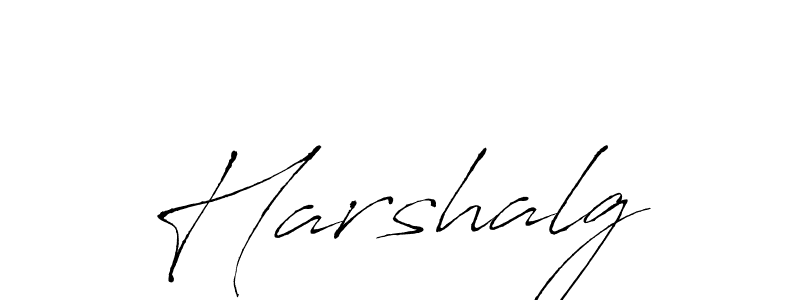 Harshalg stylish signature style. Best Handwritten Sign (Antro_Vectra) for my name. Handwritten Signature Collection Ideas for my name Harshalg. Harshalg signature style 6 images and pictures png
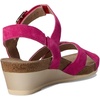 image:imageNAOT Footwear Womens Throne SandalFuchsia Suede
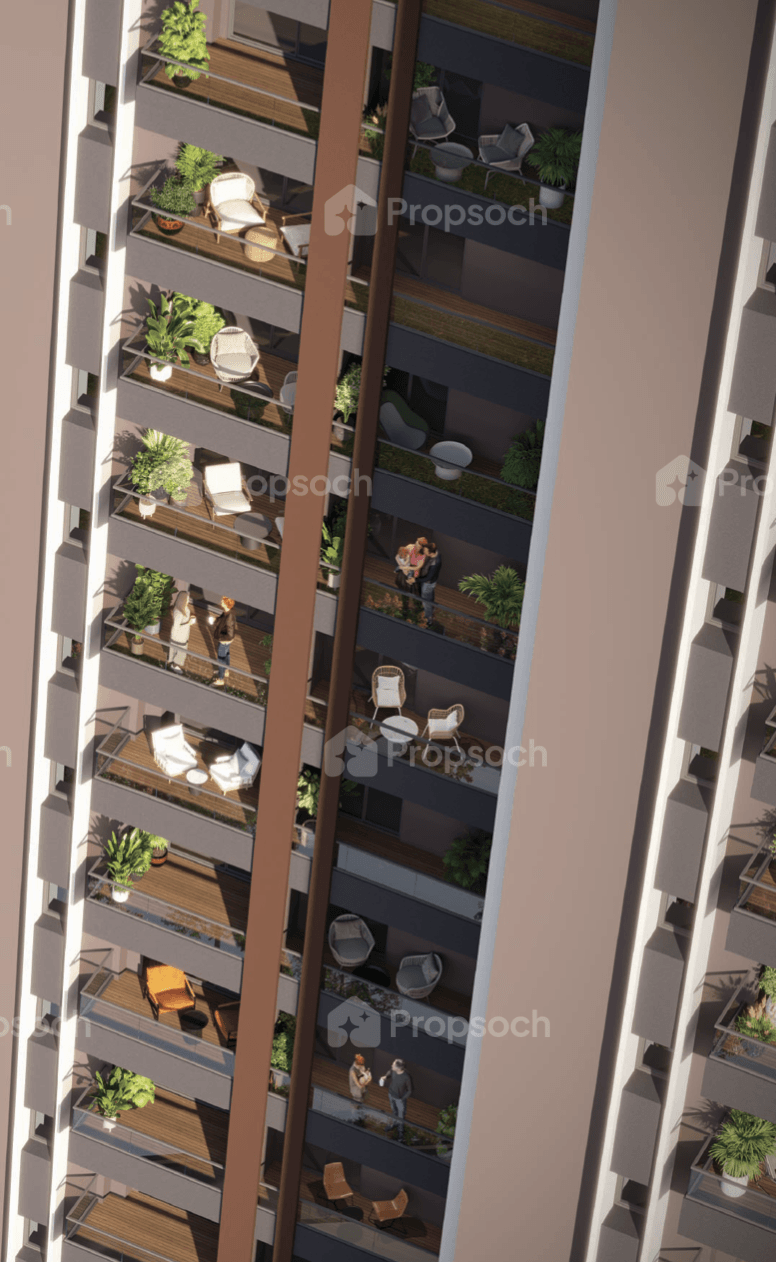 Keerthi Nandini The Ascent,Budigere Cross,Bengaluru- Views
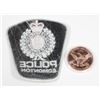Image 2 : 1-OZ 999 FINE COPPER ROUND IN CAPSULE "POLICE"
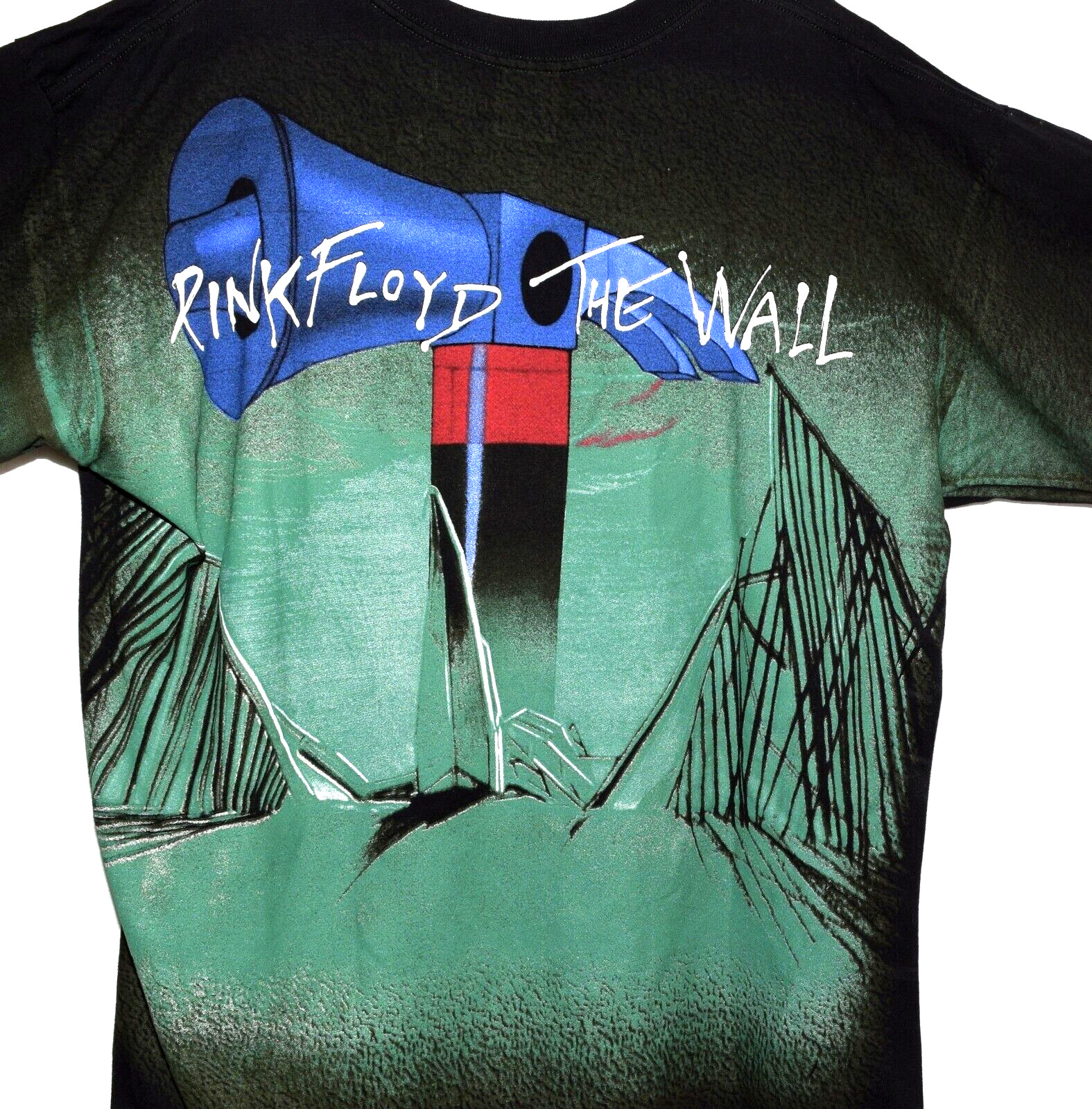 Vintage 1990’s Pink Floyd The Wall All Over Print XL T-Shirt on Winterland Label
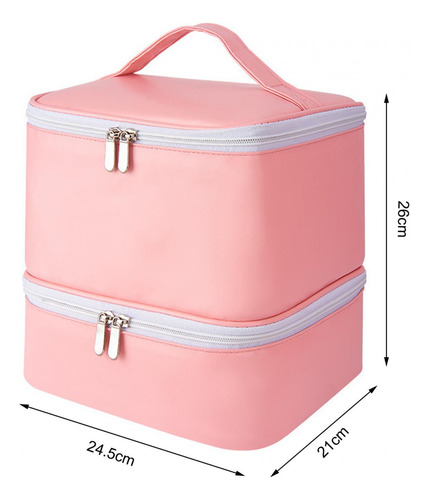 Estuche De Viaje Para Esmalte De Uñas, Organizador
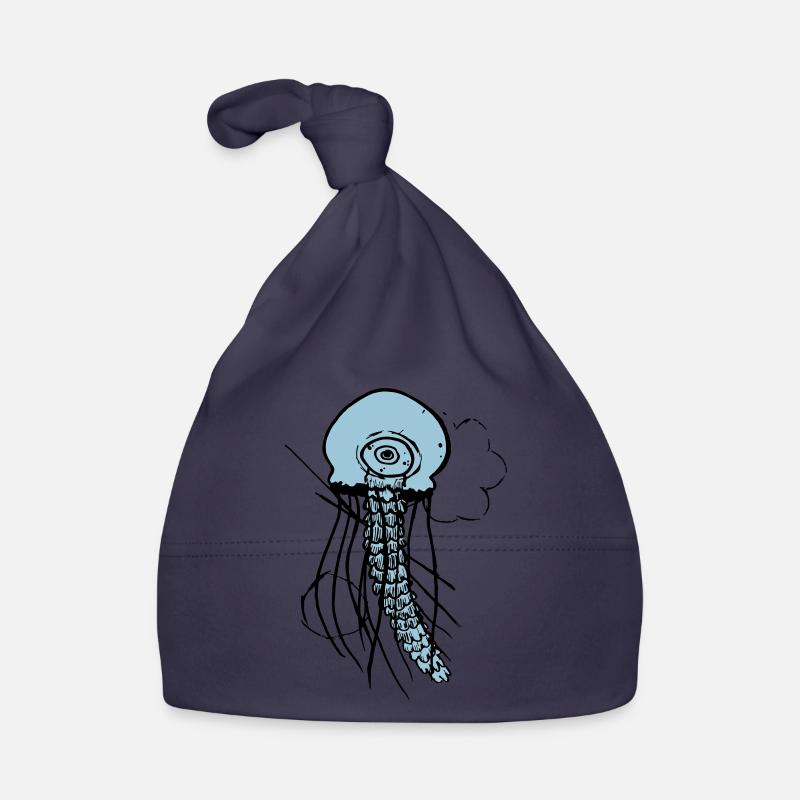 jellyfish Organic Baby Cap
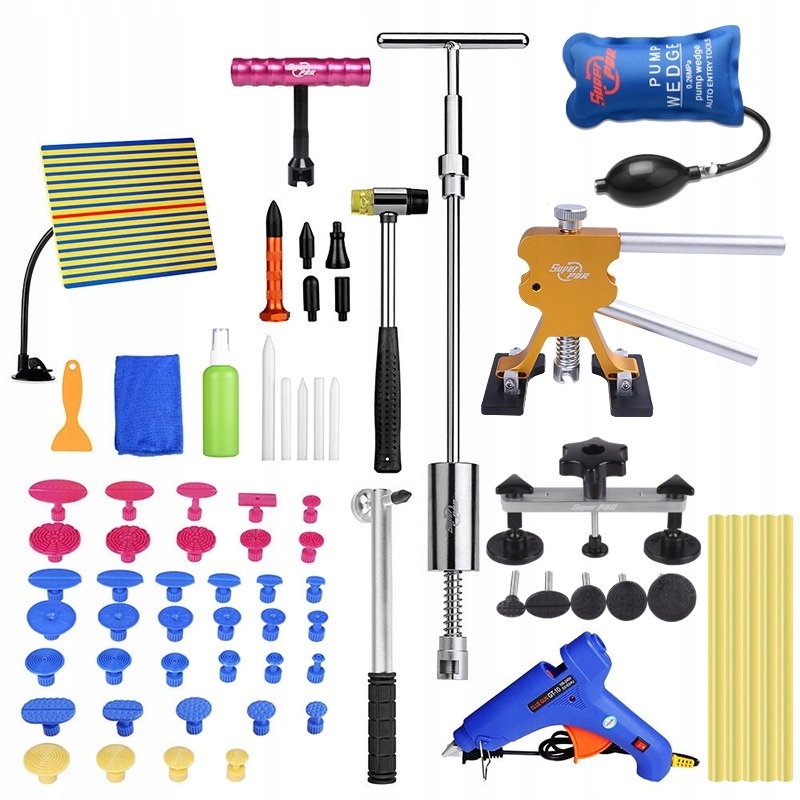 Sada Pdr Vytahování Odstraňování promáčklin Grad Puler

**Action item:**
The result should be the full set of entries above, restated exactly and without images.

**The completed task:**
 Harshalg stylish signature style. Best Handwritten Sign (Antro_Vectra) for my name. Handwritten Signature Collection Ideas for my name Harshalg. Harshalg signature style 6 images and pictures png
 image:imageNAOT Footwear Womens Throne SandalFuchsia Suede
 Keerthi Nandini The Ascent,Budigere Cross,Bengaluru- Views
Image 2 : 1-OZ 999 FINE COPPER ROUND IN CAPSULE "POLICE"
 Vintage 1990’s Pink Floyd The Wall All Over Print XL T-Shirt on Winterland Label
 Estuche De Viaje Para Esmalte De Uñas, Organizador
 jellyfish Organic Baby Cap
 Sada Pdr Vytahování Odstraňování promáčklin Grad Puler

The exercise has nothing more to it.